Whatever views people hold about politics and economics, the popular momentum seems to favor some variant of financial reform.

At the heart of the matter lies a widespread belief among many Americans that we deserved to have a recession in 2008 as the collective price to be paid for all the excesses that built up in a seven-year economic expansion. But few believe that we deserved the jarring decline in business activity that brought the global economy within inches of a major depression in which we could have seen 20% unemployment. Indeed, many Americans don't believe the financial crisis had to happen or that it required trillions in bailout funding.
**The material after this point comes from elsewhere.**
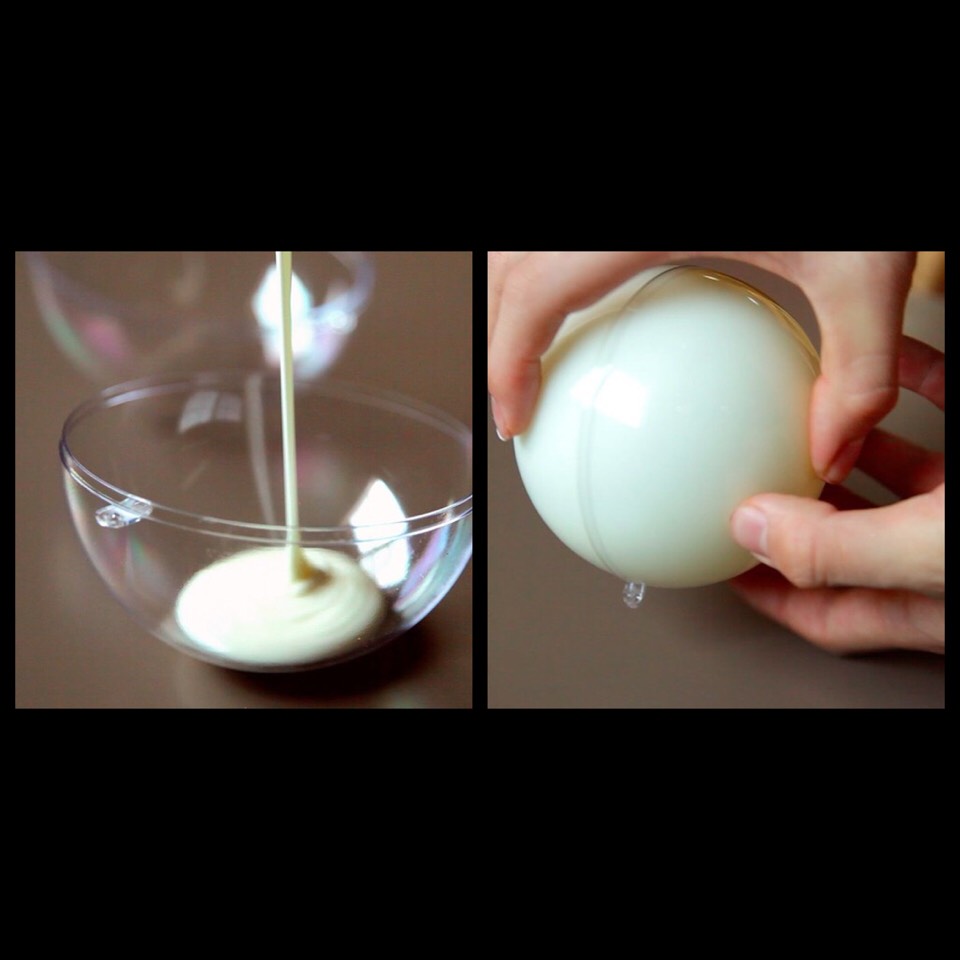 3. Twist it open, pour in the chocolate, then rotate so the chocolate covers all sides.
So it's understandable that the impetus for financial reform is powerful. When an articulate advocate for the free enterprise system like former GE CEO Jack Welch says the entire capitalist system went off the rails in 2008, people listen.

Most economists thought they'd never see anything in their lifetimes like the last two years. It's hardly the first time they were wrong.
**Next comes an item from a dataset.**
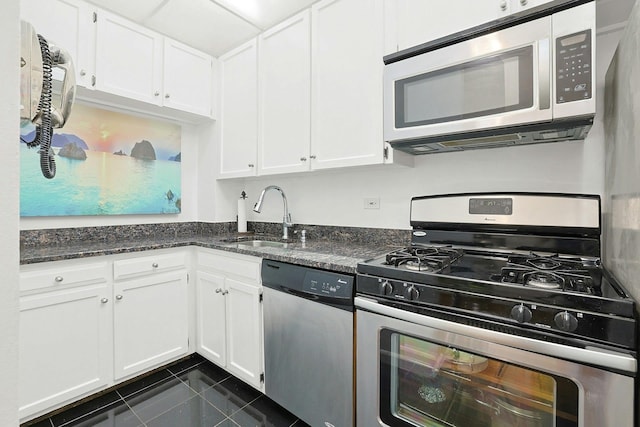 kitchen with stainless steel appliances, a sink, white cabinets, and dark tile patterned flooring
But did the entire capitalist system jump the guardrails in late 2007 and 2008 or was it just the global financial system? I'd argue it was the latter.
The non-financial sector of the economy may have grown comfortable and complacent as it usually does at the end of a long expansion, but it didn't exhibit the frothy insanity that the housing and financial markets did. Cocktail waitresses and croupiers in Las Vegas may have been buying five condos with virtually nothing down, but most Americans were not.

The focus is where it should be-on a financial services sector that swelled to an outsized position relative to the rest of the economy that it is supposed to serve. When an economy's growth starts being driven by derivatives of derivatives and a society's brightest scientific minds all are lured to Wall Street because technology businesses can't compete with quant desks for talent, something is out of alignment.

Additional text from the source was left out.